# [Wet Thumb Forum]-An "El Natural" vase?



## flagg (Nov 29, 2004)

Ok, here's what I'm thinking. I have a wide, shallow vase (maybe about 10" in diameter and 5" or 6" tall). Right now it has some desert soil and two succulents... What I'm thinking is of taking out the plants and most the soil, leaving a 2" layer of soil, covering that with about 2" of small gravel and filling with water. That would leave just about an 1" or so of water go grow some short emergent-growing plants... Do you think this would work? The main obstacle I was thinking was that there'd be no fish and so no waste and extra food to provide the gravel with the nutrients it would need so the plants can do well long-term... What do you think?

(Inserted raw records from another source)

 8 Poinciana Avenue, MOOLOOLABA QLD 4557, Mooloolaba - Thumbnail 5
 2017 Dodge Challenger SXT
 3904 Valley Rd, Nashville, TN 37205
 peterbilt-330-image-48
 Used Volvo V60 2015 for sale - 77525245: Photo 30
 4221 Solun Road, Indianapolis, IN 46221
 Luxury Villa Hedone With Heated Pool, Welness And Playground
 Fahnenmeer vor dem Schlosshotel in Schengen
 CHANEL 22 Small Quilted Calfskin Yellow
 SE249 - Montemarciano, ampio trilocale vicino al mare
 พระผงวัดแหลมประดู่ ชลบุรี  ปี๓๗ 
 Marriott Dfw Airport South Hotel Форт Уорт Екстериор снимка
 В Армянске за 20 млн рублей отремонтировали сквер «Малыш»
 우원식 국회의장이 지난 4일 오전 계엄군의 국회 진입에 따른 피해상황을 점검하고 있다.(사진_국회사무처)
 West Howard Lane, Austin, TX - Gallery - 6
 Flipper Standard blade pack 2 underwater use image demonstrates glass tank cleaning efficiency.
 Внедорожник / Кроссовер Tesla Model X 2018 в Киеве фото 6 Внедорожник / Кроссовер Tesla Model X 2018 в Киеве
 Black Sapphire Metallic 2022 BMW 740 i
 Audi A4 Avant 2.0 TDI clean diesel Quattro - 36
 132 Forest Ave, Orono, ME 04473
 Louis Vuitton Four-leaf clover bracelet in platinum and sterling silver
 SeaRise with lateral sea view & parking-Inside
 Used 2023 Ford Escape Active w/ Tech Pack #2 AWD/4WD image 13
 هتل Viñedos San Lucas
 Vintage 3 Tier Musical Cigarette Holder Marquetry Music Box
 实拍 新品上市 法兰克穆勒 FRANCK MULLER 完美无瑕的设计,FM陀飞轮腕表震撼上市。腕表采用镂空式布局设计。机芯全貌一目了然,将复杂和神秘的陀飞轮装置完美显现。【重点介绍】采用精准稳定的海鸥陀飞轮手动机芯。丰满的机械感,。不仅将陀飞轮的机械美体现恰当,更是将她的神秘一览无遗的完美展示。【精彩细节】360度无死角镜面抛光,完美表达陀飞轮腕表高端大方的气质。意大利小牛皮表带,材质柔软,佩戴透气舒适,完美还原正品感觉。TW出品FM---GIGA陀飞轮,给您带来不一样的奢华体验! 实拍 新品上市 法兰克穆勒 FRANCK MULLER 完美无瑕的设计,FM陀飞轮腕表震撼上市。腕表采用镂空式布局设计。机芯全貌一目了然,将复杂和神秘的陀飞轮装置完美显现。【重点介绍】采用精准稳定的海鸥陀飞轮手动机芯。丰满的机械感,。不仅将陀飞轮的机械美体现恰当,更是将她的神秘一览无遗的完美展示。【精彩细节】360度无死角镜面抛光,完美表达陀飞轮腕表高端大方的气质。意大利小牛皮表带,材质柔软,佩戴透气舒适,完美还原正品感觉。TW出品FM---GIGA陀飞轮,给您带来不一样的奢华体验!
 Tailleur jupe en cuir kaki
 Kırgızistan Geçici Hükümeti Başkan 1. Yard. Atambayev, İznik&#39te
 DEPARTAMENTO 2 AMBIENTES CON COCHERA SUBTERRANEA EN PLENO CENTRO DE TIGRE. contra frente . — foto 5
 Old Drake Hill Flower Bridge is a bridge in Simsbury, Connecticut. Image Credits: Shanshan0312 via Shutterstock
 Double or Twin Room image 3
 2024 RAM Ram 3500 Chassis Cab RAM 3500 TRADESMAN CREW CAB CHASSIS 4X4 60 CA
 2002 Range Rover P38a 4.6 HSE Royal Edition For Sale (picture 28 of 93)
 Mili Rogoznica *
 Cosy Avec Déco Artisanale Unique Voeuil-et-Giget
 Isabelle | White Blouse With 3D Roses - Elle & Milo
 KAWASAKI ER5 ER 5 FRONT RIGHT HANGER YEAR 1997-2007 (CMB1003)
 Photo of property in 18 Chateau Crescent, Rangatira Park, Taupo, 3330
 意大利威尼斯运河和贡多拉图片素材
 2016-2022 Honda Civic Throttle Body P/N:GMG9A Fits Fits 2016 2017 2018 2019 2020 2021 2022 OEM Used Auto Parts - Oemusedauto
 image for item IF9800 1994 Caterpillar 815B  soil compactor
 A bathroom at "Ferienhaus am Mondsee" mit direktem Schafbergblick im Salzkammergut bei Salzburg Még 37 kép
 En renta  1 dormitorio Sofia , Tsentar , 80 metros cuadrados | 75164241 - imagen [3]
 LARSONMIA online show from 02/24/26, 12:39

As for plants, so far I had thought of Marsilea Quadrifolia which seems to be able to grow in shallow water and doesn't get very tall. Any suggestions for a taller plant? I was thinking some kind of pond marginal (a lilly perhaps?) but wasn't sure if those needed lots of space or would keep in only an inch or so of water... Anybody know of any other plants that I could try?

thanks in advanced for your input!

-ricardo


----------



## DataGuru (Mar 11, 2005)

I think with something that small it'd be a pain in the you know what keeping it topped off with water. I've been mulling over it myself since I picked up a similar vase at a garage sale recently.


----------



## dwalstad (Apr 14, 2006)

I think that you could get by with 1 inch of soil a 1/2 inch of sand/gravel allowing yourself more water for the plant. 

This might be nice for snails or some cardinal shrimp? You could toss in fishfood and the little animals would digest the food into plant nutrients. 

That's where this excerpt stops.